# rootzwiki app



## skatastic (Aug 30, 2011)

This is most certainly the wrong place to post this problem but not sure where I should put it. So for several days I haven't been able to get into the roozwiki app. I get an error that says "The remote server sent an unknown response. This could be a result of the forum software plugin being outdated or having a conflict." I tried to uninstall the app and then reinstall it but that didn't help at all. Anybody getting this or better yet, know how to fix it?


----------



## BootAnimator (Jun 10, 2011)

Its the Roadrunner forum software that is having some issues with the site. Rootzwiki tweeted it the other day. Only reason I had a response for ya. Lol

The mobile site works and Tapatalk (forum app) from the market works well also. That's what i'm using in the meantime.
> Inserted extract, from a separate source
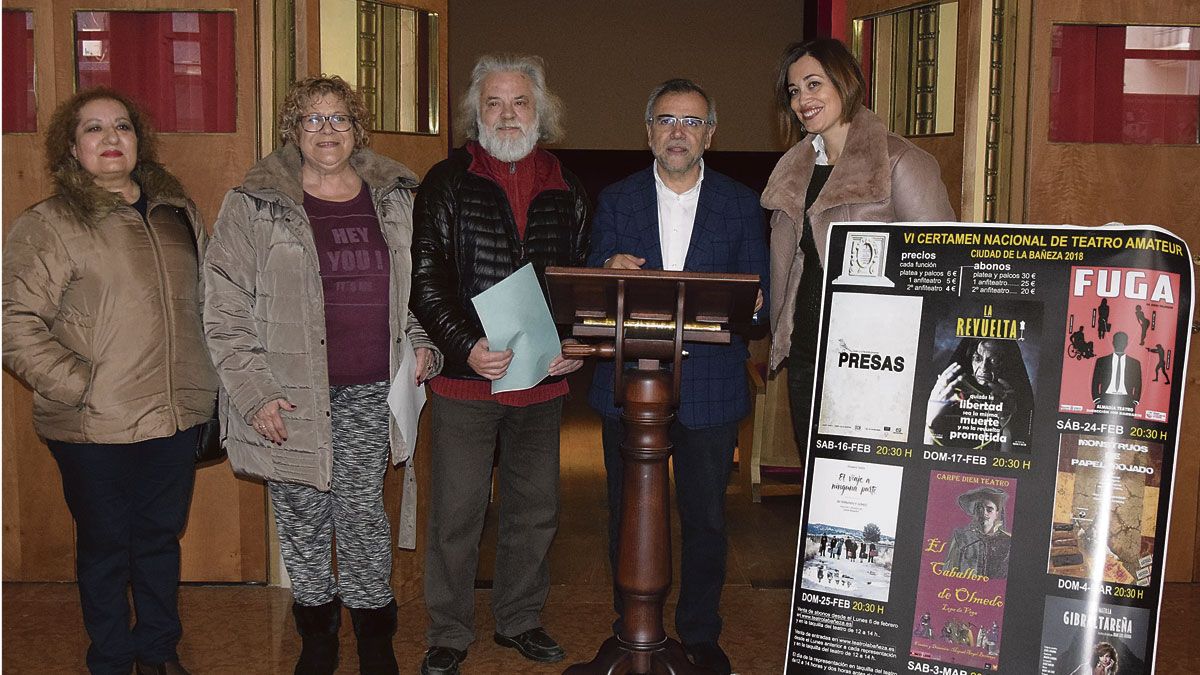 El alcalde, José Miguel Palazuelo, la concejala de Cultura y los miembros de Templete presentan el certamen. | PRIETO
Sent from my DROID BIONIC using Tapatalk


----------



## OnMy2ndGP (Jun 13, 2011)

R1Lover said:


> The RW app is forum runner... it has some major issues that have caused issues with the stability of the site, it's been disabled until forum runner can resolve these issues. The bad news is forum runner doesn't care about it and doesn't respond to bug reports.... so the outlook isn't very good that it will return at this time.


It's the forum runner. Lol! I was asking about it earlier today. http://rootzwiki.com/index.php?/topic/7837-Welcome-to-the-New-RootzWiki-and-IPS

DX on too many different ROMs to keep updating my signature - via Tapatalk


----------